Lady Blue Eyes_ My Life With Frank - Barbara Sinatra [34]
I almost choked. Looking around at my companions, I couldn’t figure out why I, of all people, had been singled out. I rose from the table with as much dignity as I could muster as everyone watched in silence. I walked out of the restaurant flanked by these gorillas as my fellow club members looked on agog. It was only when I got outside that I spotted “the Singing Cop” Phil Regan laughing at me from a bush. The whole episode was a huge gag he’d set up. I could have killed that jokester.
When Jack Kennedy eventually arrived in town, his presidential motorcade swept him straight past the Compound and on to Bing Crosby’s house in Thunderbird Heights. That was a terrible loss of face for Frank. The official reason given was security—Bing’s house was said to be safer because it backed onto a mountain, whereas Frank’s house was open on four sides. (It had nothing to do with the Tamarisk ladies’ fantasies, I promise.) Frank saw Jack’s decision to stay with Republican Bing as a direct snub. He was so hurt, especially after all the trouble he’d gone to, that when his friend and JFK’s brother-in-law Peter Lawford told him the news, he cut Peter off there and then and never spoke to him again. Holding a grudge, Italian-style, was yet another side of the elusive, enigmatic Mr. Sinatra.

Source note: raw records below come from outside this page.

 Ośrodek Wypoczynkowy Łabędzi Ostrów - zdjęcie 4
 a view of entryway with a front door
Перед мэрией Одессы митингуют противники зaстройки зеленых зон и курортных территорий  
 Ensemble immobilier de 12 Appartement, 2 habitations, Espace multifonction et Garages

I met up with Jack Kennedy again a couple of times during his visit. Even though he was married to Jacqueline by then with two small children, his friend Phil Regan, a kingpin in the Palm Springs social scene, was always trying to fix him up with someone. The two men came to the Racquet Club when I was playing tennis one day, and Phil formally introduced me. I acted like we’d never met before, and so did Jack. We saw each other every now and again after that and were perfectly civil. Jack was a devout Catholic and went to church to pray for his family almost every day in between hitting on all the girls, which I thought strange. He even started flirting with me all over again. Eventually I asked him if he remembered our days on the Queen of Bermuda. He recalled the journey to New York but apologized that he had no memory of me. I guess I was just one face among many for JFK.

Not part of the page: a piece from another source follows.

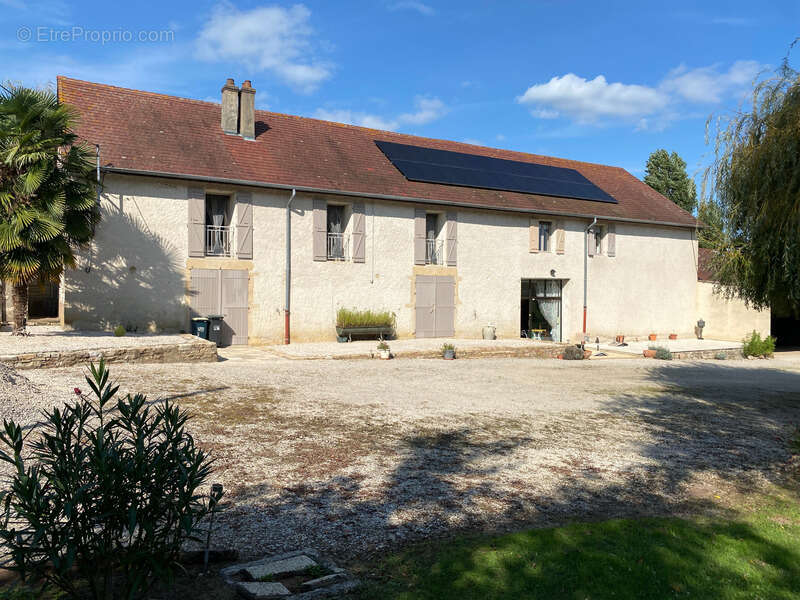Maison à CHATENOY-LE-ROYAL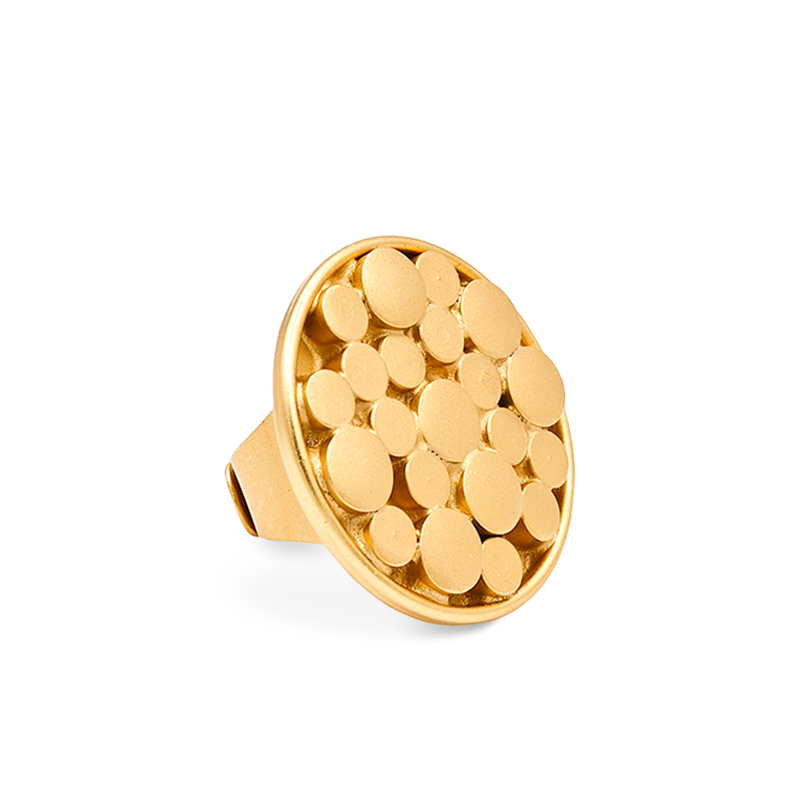 Round shape gold statement ring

It was eighteen months later, on a warm afternoon in November, when a news flash came on the car radio. “We interrupt this program to bring you a special bulletin from Dallas, Texas. Three shots were fired at President Kennedy’s motorcade today,” it began. “First reports say that the president has been seriously wounded …” I had to pull the car over to the side of the road to compose myself and listen to the unfolding news. The next bulletin confirmed further reports that the president had been shot as he sat next to his wife, who’d then cradled him in her lap. Then came the dreadful news: “The president, ladies and gentlemen, is dead.” There was a long pause as the announcer fought to control his emotions. “This is the official word,” he said finally. “The president of the United States is dead.”
When I eventually reached the Racquet Club and wandered, dazed, into the lounge, the atmosphere was like a morgue. Nobody knew what to say or do. People wept openly. Many were gathered around radios and a television set, which was flashing images of the scene in downtown Dallas. I couldn’t bear to look. Slumping into a chair, I could hardly believe that we’d lost the man so many saw as America’s knight in shining armor. All normal life seemed to stop as the realization sank in that the Kennedy dream and its promise of a better future were over.
Frank Sinatra was devastated by the assassination of JFK, whom he described as “the brightest star in our lives.” As he had when Marilyn Monroe died the previous year, he mourned by locking himself alone in a room for days at a time. He was quoted around that time as saying, “I’m for whatever gets you through the night—be it prayer, tranquilizers, or a bottle of Jack Daniel’s.” I’m sure he needed all three when his nineteen-year-old son Frankie, also a singer, was kidnapped in Lake Tahoe the following month.